The Clerkenwell site was sold in 1961 to Ind Coope and the buildings were developed in the late 1990s into the St Paul's Square apartments. Today, the 1890s facade is still intact along with the Boundary Wall built by J&W Nicholson in 1838–39.

Three Mills Island is one of the oldest and largest surviving industrial centres in England located on the River Lea at Bromley-by-Bow. The modern complex was developed in the eighteenth century by Peter Lefevre and Daniel Bisson and included the House Mill (1776) The House Mill - Bromley-by-Bow, London, Miller's House, Clock Mill (c. 1753, rebuilt 1817 by Philip Metcalfe), Customs House and Wind Mill (demolished 1840). The Nicholson family's connection to Three Mills is first mentioned in 1773 through William Bowman and the Mill became a regular source of spirit for J&W Nicholson during the nineteenth century before they purchased the site from the Mure family in 1872. In the twentieth century, Three Mills was used by the government to produce acetone during the first world war and then closed permanently due to bomb damage in 1941.
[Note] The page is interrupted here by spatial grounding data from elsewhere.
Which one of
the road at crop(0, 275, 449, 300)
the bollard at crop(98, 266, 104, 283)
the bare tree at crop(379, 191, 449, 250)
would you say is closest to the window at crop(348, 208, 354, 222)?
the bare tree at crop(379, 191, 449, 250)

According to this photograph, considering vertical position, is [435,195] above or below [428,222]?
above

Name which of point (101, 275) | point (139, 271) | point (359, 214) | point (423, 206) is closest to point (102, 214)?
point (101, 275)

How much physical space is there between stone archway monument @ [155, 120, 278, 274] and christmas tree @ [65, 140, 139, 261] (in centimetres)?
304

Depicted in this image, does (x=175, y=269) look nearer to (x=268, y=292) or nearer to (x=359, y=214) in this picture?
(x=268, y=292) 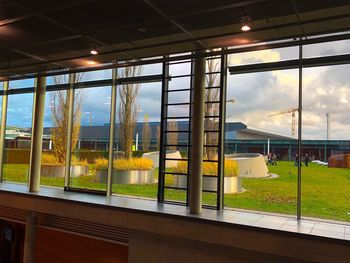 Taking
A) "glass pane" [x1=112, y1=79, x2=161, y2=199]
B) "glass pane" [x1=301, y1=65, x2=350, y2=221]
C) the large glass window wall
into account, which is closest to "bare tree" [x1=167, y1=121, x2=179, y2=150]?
the large glass window wall

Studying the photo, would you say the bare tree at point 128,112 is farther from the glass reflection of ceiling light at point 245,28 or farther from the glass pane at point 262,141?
→ the glass reflection of ceiling light at point 245,28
In 1854, John's son William Nicholson Junior who was a First Class cricketer for the Marylebone Cricket Club and Gentlemen of England became a company chairman. During the second half of the nineteenth century, William Junior would develop J&W Nicholson into a hugely successfully company producing a wide range of spirits including its famous London Dry Gin and establishing a portfolio of pubs (from 1873 and today the Nicholson's Pubs group owned by Mitchells & Butler). Nicholson became one of the first five Trustees of the MCC in May 1864 and he would use his fortune to help the MCC secure the site that is today Lord's "The Home of Cricket" in St John's Wood.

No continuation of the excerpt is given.